Actually, I didn't want to bring this up, but you're still wrong as far as I am concerned. Recheck your algebra. I have checked my calculations numerous times and v1 = Mv0/(m+M) not 2Mv0/(m+M).

 

[peripatein]

Adding that latter condition, I finally obtained:
tg(x)=x
where x=wt
That gives t~4.49/w

 

[Chestermiller]

Actually, I didn't want to bring this up, but you're still wrong as far as I am concerned. Recheck your algebra. I have checked my calculations numerous times and v1 = Mv0/(m+M) not 2Mv0/(m+M).

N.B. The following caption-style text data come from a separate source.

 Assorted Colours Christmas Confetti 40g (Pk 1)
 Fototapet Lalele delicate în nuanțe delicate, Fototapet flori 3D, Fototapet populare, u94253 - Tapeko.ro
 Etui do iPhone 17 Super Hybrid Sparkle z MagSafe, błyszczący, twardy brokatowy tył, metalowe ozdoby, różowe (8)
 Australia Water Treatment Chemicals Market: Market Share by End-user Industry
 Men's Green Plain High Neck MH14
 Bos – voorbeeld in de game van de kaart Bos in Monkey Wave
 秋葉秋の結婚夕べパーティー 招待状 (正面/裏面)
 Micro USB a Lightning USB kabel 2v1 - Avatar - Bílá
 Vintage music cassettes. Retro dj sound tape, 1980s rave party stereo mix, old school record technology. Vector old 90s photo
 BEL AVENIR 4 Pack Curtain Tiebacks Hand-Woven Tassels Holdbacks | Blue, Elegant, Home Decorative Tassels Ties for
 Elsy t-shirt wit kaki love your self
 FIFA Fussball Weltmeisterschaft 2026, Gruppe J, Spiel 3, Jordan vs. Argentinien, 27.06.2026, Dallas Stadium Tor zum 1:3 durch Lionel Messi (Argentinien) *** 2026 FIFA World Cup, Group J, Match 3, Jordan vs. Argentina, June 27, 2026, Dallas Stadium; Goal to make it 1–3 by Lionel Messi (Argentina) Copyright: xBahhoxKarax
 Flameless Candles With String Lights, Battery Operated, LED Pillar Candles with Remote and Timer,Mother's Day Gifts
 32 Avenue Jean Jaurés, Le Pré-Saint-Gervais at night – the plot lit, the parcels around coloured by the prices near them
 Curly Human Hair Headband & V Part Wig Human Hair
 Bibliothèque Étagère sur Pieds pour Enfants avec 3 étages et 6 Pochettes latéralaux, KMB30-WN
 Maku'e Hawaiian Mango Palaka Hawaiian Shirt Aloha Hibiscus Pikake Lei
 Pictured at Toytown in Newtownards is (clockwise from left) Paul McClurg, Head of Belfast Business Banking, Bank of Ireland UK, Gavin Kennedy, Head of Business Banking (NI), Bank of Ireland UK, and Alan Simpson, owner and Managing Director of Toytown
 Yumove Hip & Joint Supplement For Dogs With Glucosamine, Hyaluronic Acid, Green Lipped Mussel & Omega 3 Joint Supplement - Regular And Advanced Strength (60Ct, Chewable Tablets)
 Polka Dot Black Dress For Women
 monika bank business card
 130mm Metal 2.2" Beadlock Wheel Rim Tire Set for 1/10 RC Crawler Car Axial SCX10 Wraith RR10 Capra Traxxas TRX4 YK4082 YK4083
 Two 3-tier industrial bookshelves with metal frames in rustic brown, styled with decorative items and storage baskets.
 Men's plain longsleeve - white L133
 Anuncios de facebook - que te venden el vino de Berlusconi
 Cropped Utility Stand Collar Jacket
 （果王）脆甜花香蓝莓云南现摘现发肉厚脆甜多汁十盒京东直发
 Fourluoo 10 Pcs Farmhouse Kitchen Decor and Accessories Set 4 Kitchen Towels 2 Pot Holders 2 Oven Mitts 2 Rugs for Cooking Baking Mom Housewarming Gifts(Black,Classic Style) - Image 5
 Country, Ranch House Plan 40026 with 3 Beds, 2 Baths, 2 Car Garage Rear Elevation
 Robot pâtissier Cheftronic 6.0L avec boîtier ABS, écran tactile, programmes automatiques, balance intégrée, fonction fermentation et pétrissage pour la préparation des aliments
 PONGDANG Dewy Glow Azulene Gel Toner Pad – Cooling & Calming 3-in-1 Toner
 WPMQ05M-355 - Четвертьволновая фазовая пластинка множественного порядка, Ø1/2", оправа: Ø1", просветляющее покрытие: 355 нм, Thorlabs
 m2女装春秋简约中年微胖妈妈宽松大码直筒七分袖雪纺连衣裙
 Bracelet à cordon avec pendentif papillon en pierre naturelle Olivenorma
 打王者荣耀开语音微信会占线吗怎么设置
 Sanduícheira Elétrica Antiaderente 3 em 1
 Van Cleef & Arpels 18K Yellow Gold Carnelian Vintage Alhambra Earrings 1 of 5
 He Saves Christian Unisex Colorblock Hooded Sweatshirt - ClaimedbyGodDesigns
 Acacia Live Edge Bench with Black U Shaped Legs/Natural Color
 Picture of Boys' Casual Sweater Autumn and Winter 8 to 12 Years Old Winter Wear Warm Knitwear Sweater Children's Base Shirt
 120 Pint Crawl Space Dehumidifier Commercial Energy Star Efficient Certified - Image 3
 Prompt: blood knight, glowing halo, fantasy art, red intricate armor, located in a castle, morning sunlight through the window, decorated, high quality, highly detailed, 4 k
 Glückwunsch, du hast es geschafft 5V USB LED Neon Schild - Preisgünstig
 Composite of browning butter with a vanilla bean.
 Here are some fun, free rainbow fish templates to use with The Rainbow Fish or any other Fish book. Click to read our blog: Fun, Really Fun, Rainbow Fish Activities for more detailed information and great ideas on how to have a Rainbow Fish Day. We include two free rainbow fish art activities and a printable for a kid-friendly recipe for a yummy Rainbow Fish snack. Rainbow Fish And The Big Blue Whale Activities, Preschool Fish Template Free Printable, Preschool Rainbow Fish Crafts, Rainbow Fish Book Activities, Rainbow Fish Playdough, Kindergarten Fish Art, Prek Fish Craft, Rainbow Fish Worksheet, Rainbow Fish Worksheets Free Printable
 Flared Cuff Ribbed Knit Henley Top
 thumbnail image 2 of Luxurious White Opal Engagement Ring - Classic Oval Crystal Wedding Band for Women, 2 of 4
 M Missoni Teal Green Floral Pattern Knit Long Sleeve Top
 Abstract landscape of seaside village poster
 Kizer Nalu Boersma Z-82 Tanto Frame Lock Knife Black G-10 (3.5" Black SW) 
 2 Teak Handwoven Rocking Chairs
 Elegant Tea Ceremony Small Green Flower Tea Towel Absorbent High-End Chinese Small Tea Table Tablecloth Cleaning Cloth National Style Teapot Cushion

Uh Oh. I check it numerous times too, and got 2Mv0/(m+M). Here is the sequence of steps:

I started with the following:
v_M=v_0\frac{M-m}{M+m}
v_1=\frac{M(v_0-v_M)}{m}

Substituting the first equation into the second equation, I get:
v_1=\frac{Mv_0}{m}\left(1-\frac{(M-m)}{(M+m)}\right)=\frac{Mv_0}{m}\frac{(M+m)-(M-m)}{(M+m)}=\frac{Mv_0}{m}\frac{2m}{(M+m)}=\frac{2Mv_0}{M+m}
I can't see where I made a mistake.

 

[Chestermiller]

From the previous equations I presented, I get:

ωt=\sqrt{\left(\frac{M}{m}\right)^2-1}
so,
\cos\left(\sqrt{\left(\frac{M}{m}\right)^2-1}\right)=-\frac{m}{M}
This needs to be solved for m/M.

 

[peripatein]

I have checked mine several times as well and obtained the following:
v_M = (Mv₀ - 2mv₁)/M
v₁ = Mv₀/(M+m)
Hence,
v_M=v₀(M-m)/(M+m)

 

[haruspex]

Uh Oh. I check it numerous times too, and got 2Mv0/(m+M). Here is the sequence of steps:

I started with the following:
v_M=v_0\frac{M-m}{M+m}
v_1=\frac{M(v_0-v_M)}{m}

Substituting the first equation into the second equation, I get:
v_1=\frac{Mv_0}{m}\left(1-\frac{(M-m)}{(M+m)}\right)=\frac{Mv_0}{m}\frac{(M+m)-(M-m)}{(M+m)}=\frac{Mv_0}{m}\frac{2m}{(M+m)}=\frac{2Mv_0}{M+m}
I can't see where I made a mistake.

I get the same. peripatein, please post your calculation.

what do you mean by "sketch that"?

Sketching is not the same as solving graphically (which requires an accurate drawing).
I was trying to get you to see that the straight line representing the subsequent motion of M had to be tangential to the curve for the motion of m. This is the same as Chester's observation that the velocities must match as well as the positions, and therefore produces the same equation.

 

[peripatein]

I am going to leave it the way it is, so no need to repost. In any case, it doesn't matter much. The physics is the essence.
But thank you very much for your help; I am sincerely grateful! :)

 

[Chestermiller]

I have checked mine several times as well and obtained the following:
v_M = (Mv₀ - 2mv₁)/M
v₁ = Mv₀/(M+m)
Hence,
v_M=v₀(M-m)/(M+m)

The first of these equations is not consistent with the momentum balance. Where did the 2 come from? See post #6 by fightfish (which is correct).

 

[Chestermiller]

Adding that latter condition, I finally obtained:
tg(x)=x
where x=wt
That gives t~4.49/w

This result for x is approximately correct. So, m/M=-cos(4.49) is the solution you have been looking for. That completes the solution.